政府が金融取引監視規定を撤回=Pix無料性と機密性強化のMP示唆

【既報関連】年初から金融取引に関するデータ監視のための新たな規定が施行されていたが、国民の強い反発や、即時決済システムPixの利用に手数料や税金がかかるといった虚報が広がり、Pixの利用件数が減ったことを受け、連邦政府が15日にその撤回を発表。従来の規定に戻すことになった。15日付オ・グローボなど(1)(2)(3)が報じた。
国税庁のロビンソン・バレイリーニャス特別書記官は記者会見で、「悪意のある者たちが、国税庁の規則を歪曲し、操作し、数百万人に害を与え、特に貧困層にパニックを引き起こした」と述べ、さらなる虚報の拡大を防ぐために、新規定の撤回に至ったと説明した。

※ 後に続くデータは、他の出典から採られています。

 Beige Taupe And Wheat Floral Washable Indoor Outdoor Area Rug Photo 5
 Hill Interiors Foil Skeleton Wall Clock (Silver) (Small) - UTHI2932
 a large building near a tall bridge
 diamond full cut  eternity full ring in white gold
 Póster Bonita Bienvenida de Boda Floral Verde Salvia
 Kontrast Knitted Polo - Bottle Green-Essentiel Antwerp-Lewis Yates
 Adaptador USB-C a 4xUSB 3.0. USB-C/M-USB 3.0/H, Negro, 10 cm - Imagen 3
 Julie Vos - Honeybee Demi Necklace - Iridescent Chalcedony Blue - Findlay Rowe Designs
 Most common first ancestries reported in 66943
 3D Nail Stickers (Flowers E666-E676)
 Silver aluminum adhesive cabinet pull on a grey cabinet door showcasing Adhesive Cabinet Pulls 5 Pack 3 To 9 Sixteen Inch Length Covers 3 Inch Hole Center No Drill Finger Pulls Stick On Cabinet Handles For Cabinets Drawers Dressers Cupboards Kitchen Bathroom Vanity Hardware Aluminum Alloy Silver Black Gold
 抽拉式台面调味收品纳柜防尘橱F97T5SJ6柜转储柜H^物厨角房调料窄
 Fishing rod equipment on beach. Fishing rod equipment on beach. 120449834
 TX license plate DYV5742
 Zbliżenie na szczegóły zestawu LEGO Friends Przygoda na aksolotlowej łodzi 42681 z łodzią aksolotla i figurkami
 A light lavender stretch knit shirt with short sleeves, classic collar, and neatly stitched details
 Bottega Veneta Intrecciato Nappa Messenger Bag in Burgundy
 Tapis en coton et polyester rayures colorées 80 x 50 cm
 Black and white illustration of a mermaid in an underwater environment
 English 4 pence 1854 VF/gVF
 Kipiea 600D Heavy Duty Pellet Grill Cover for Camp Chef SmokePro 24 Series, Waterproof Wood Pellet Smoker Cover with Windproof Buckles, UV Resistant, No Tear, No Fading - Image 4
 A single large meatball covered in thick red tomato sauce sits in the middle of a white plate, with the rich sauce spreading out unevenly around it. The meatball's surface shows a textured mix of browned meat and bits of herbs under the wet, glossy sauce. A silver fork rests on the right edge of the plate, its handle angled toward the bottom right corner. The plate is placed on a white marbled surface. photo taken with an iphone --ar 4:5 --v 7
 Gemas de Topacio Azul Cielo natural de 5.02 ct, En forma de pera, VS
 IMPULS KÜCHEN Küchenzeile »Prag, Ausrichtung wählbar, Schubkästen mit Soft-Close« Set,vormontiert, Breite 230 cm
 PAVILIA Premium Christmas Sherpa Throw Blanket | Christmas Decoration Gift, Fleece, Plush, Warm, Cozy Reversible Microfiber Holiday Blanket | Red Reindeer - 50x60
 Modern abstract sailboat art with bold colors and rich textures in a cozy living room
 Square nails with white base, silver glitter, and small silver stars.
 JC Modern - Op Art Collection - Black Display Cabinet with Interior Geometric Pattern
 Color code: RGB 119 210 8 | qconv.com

フェルナンド・ハダジ財相も記者会見に同席し、Pixには課税されないことを保証し、現金とPixの間で料金に違いが生じることを禁ずる暫定令(MP)を出す予定であることを明らかにした。さらに、Pixによる取引も他の支払い方法と同様、銀行秘密の原則が強化されるという。
議会が可決した法律に基づき、銀行は2001年以降、一定額を超える顧客の口座の入出金情報を税務当局に報告する義務を負っている。
昨年末時点では、個人に関しては、全ての金融取引(Pix、TED、デビットカード、支払い、投資など)を合算した金額が月額2千レ以上であった場合に報告義務が生じていた。新規定ではこの基準額が5千レに引き上げられた上、従来の銀行に加えて、クレジットカード運営会社や決済サービス事業者も報告義務の対象となった。また、法人の場合の基準額は6千レから1万5千レに引き上げられた。
新規定撤回が発表されたことにより、従来の基準額が引き続き適用され、情報送付義務は銀行に限られることとなった。ただし、フィンテック企業が自主的に情報を提供することは可能だ。
口座の入出金額算定には、Pix、TED、デビットカード支出、投資などの取引が引き続き考慮される。
国税庁は、月間の総取引額のみを把握でき、取引手段や送金先・送金元、取引目的などの詳細情報は確認できないと説明。同庁によれば、これらの情報は不正行為、犯罪、税務逃れを防ぐために利用されるという。